As of yet, I’ve only gotten to take a look at the core set. But even those six sheet have a lot of variation. Each hero has its own special ability, you’ll get to see different kinds of monsters and traps (each with its own different degree of annoyingness), you’ll possibly get access to different kinds of weapons and skills that will help you be victorious, and the dungeons themselves are laid out in different ways.

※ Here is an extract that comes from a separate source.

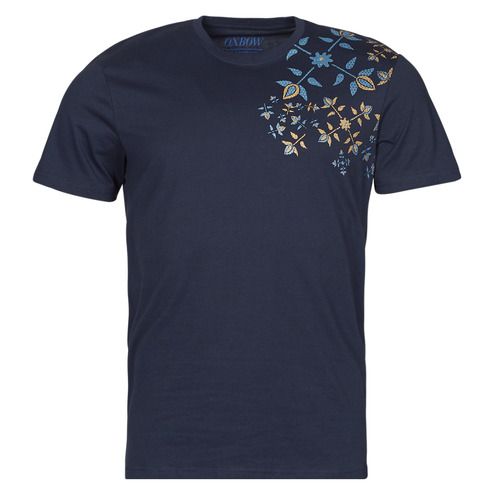 T-shirt Oxbow P0TASTA Blu maniche corte Uomo, elegante e comoda, realizzata in cotone di alta qualità, ideale per look casual e sportivi. Disponibile in diverse taglie, perfetta per ogni stagione. Aggiungi stile e comfort al tuo guardaroba con questa T-shirt Oxbow.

Leveling up is critical to your success in this game. There’s nothing to stop you from just drawing a path from the door to the treasure and being done. But unless you’re collecting those experience points to level up, health potions to get more health slots, and coins to help change dice rolls, you’re not going to get far. So, you want to make sure your path contains only numbers that are +/-1 from the ones next to them so you can unlock the ability to collect XP. You want to fill up columns with numbers, which gets you most of your XP. You want to defeat monsters by writing numbers higher than their defense, which will also earn you XP (and also keep you from getting hit as much at the start of turns). You want to put identical numbers on the sides of coins and potions. And you want to try to disarm traps with a 6, though sometimes you’ll need to just dive right in there.

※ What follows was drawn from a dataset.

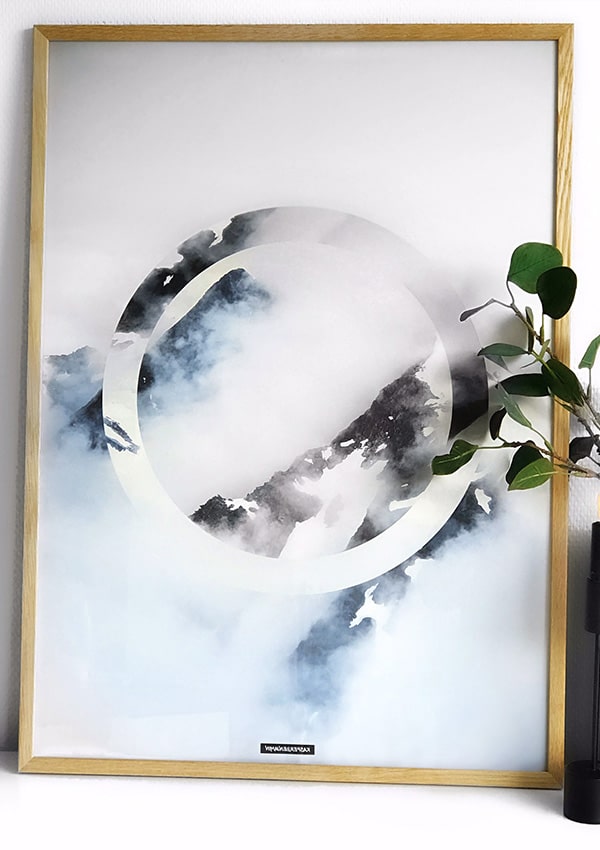 Sky high II plakat - Natur baggrund med bjerge og himmel i massiv egetræ ramme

The game does have a few oddities. There’s no way to actually heal yourself – health potions just give yourself more hit points. Damage is forever. It’s also a little weird to be drawing a path through a dungeon with numbers on a fairly small grid. But its quirks lend themselves to a pretty interesting experience.
IS IT BUZZWORTHY? This game hits a lot of notes – fans of puzzles, roll-and-writes, dungeon crawls, and print-and-play games will probably be very interested in this one. For my part, I find it to be a very engaging and fun experience, with a lot of variety and challenge on one page. I highly recommend you check it out – the game is available now at PNPArcade.com.
Thanks again to PNPArcade for providing the review files for this game, and thanks to you for reading!